Work task: Everything from the line holding "Sticker Voyagez explorer" through the final line of the records is to be transcribed exactly, except pictures, and nothing beyond that.

Data supplied:
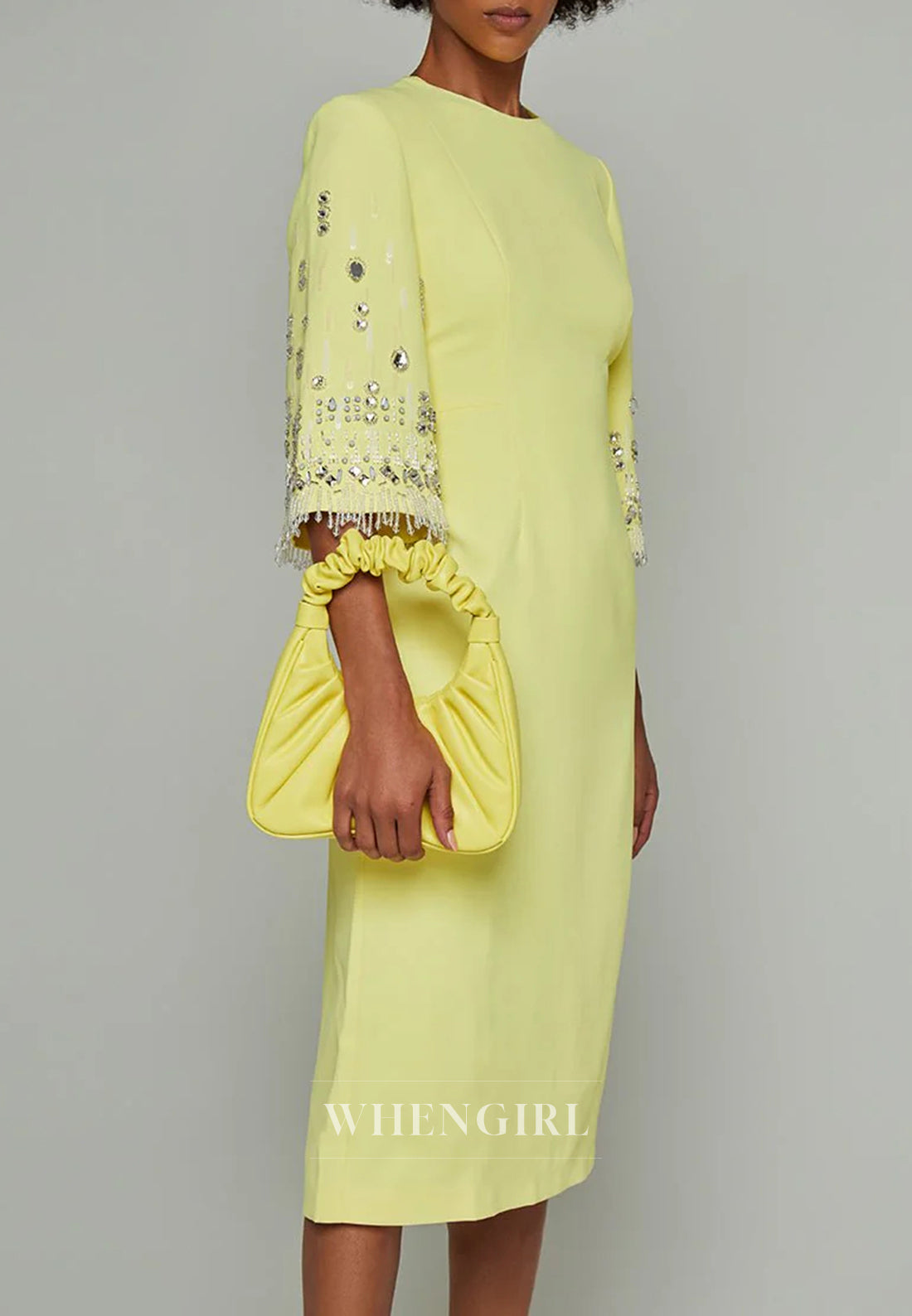 Sheath Bateau Neck Half Sleeves Beaded Tea Length Back Zipper Evening Dress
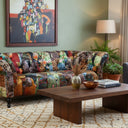 Windsor Chesterfield Patchwork 3 Seater Sofa - Leopard at online8 furniture store Auckland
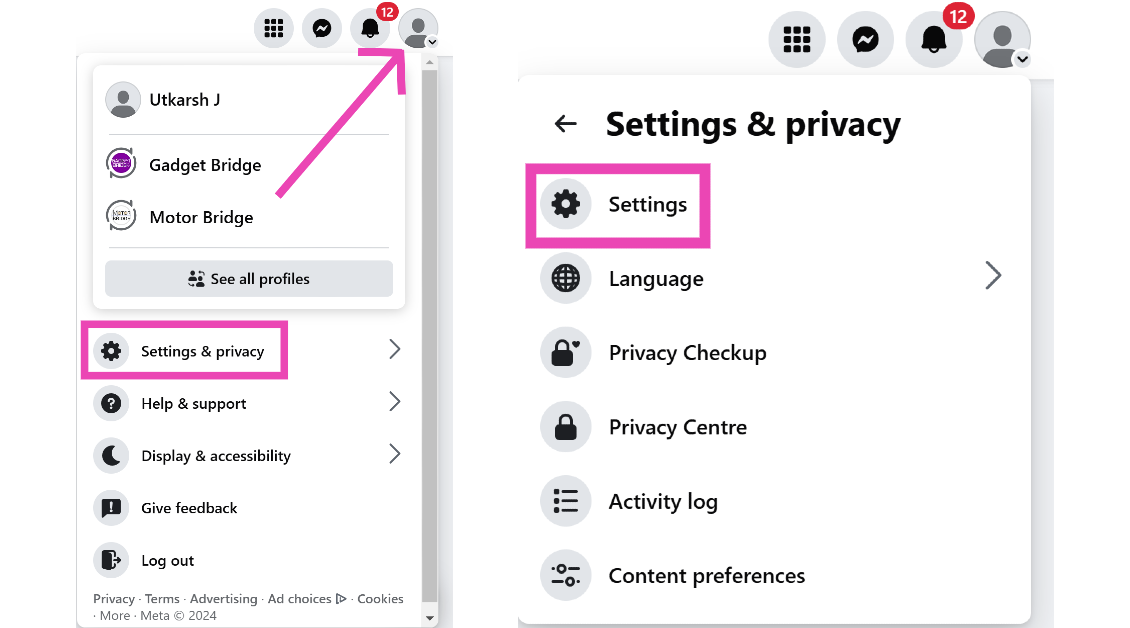 Step 2: Click on Settings and privacy and select Settings.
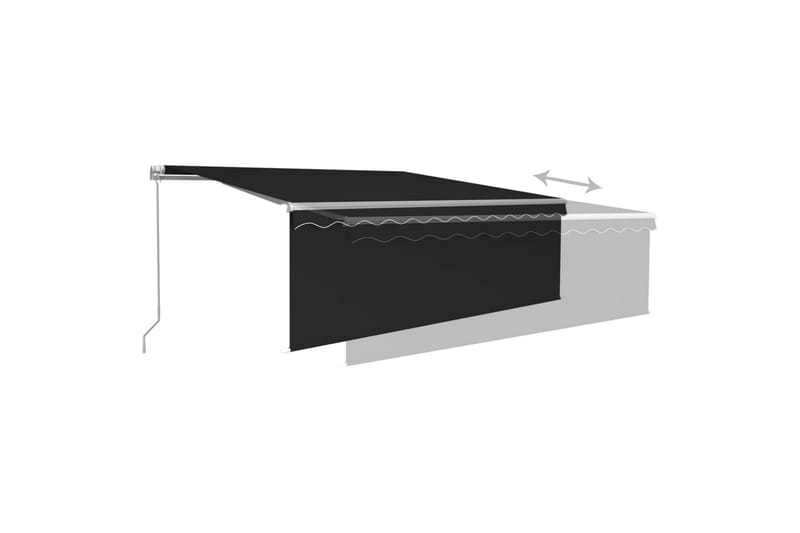 markise m. rullegardin + LED-lys 4,5x3 m manuel antracitgrå - Antracit - Havemøbler - Solafskærmning - Markiser - Vinduesmarkise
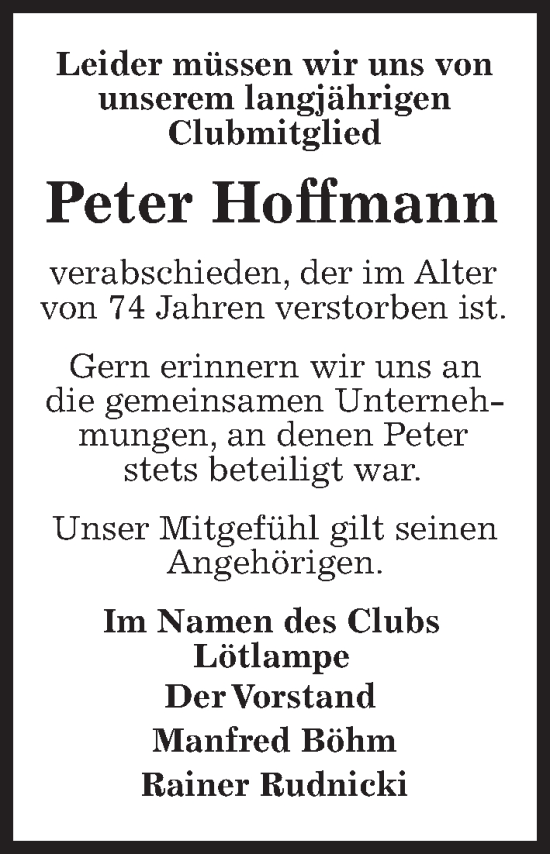 Traueranzeige von Peter Hoffmann von Kieler Nachrichten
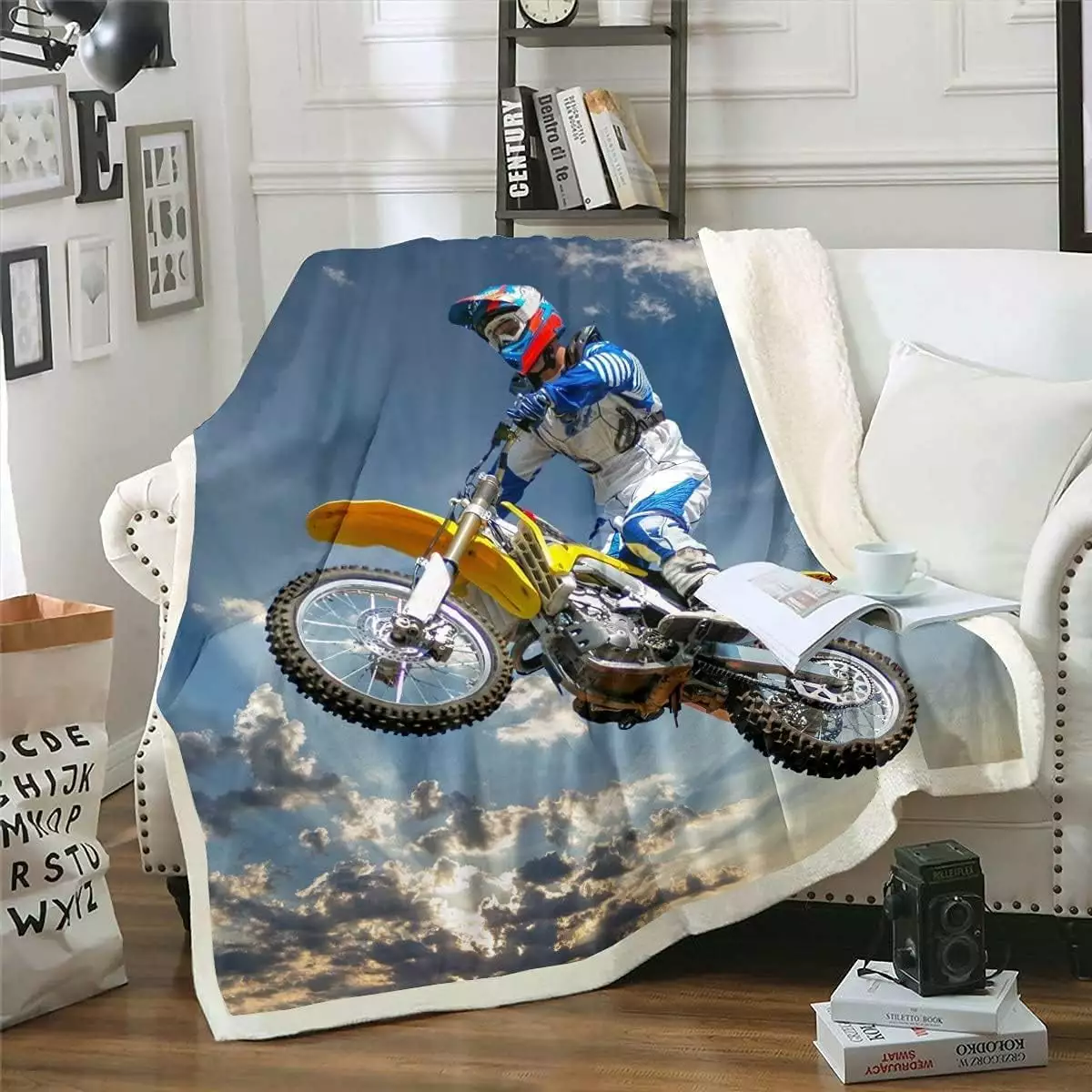 TRAHOO-60*50in Motocross Printed Fleece Blanket Blanket 3D Cycling Model Printed Flannel Blanket Soft And Warm Double-Sided Fleece Blanket Suitable For Bed Sofa Camping And Travel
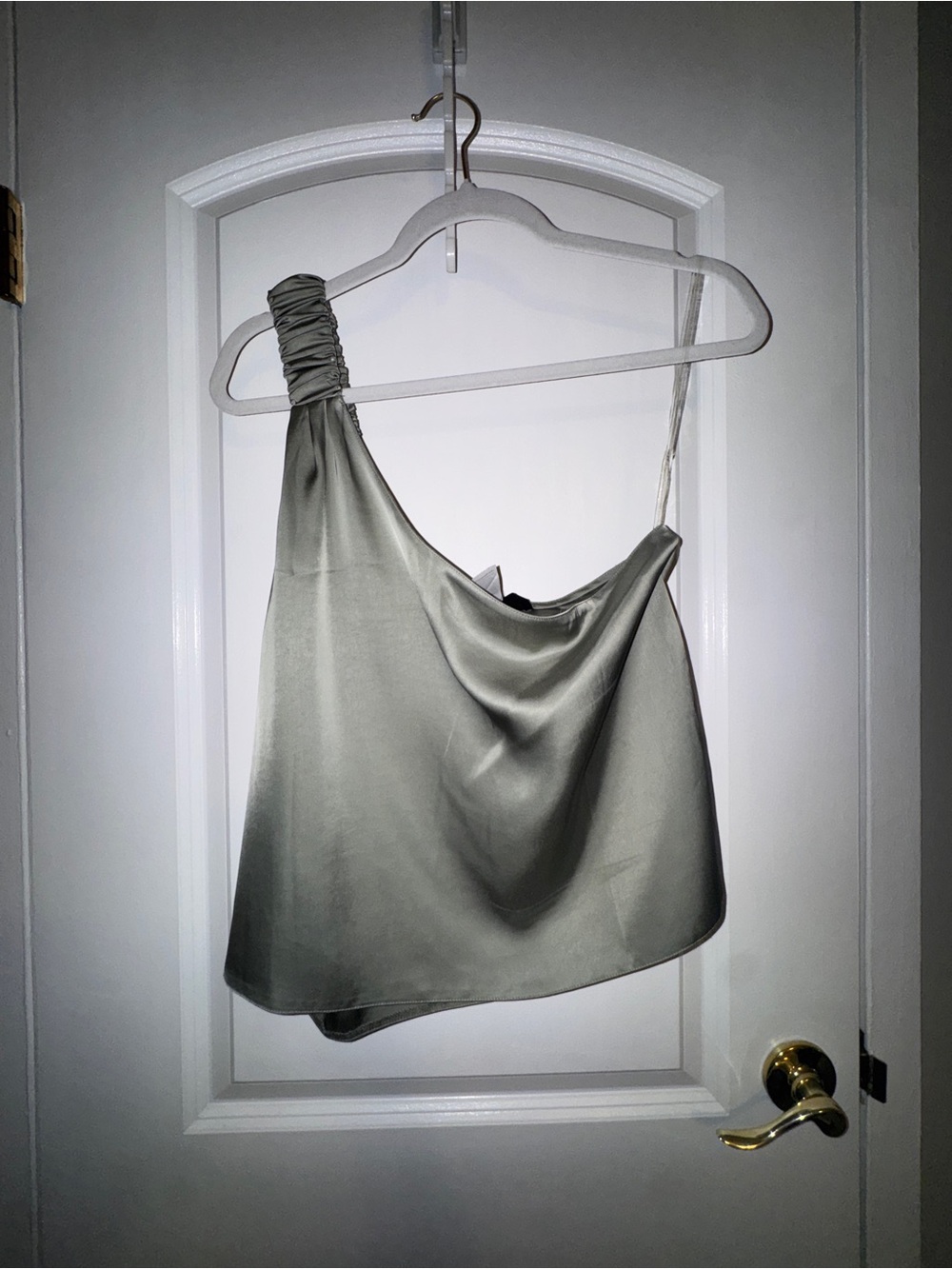 Ruched One-Shoulder Satin Camisole in Sage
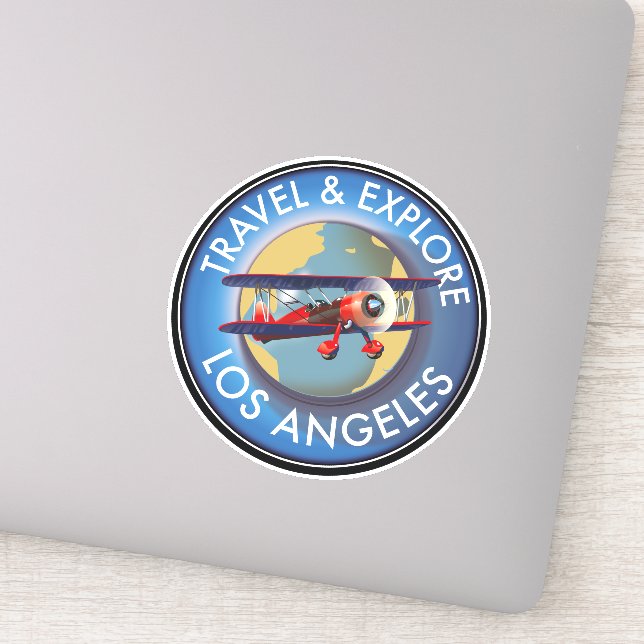 Sticker Voyagez explorer le logo de Los Angeles (Détail)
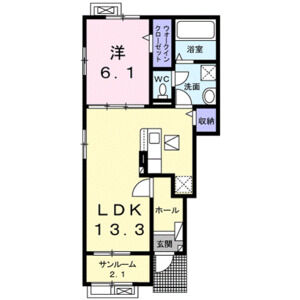 1LDK 間取り図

Exercise answer:
 Sticker Voyagez explorer le logo de Los Angeles (Détail)
 1LDK 間取り図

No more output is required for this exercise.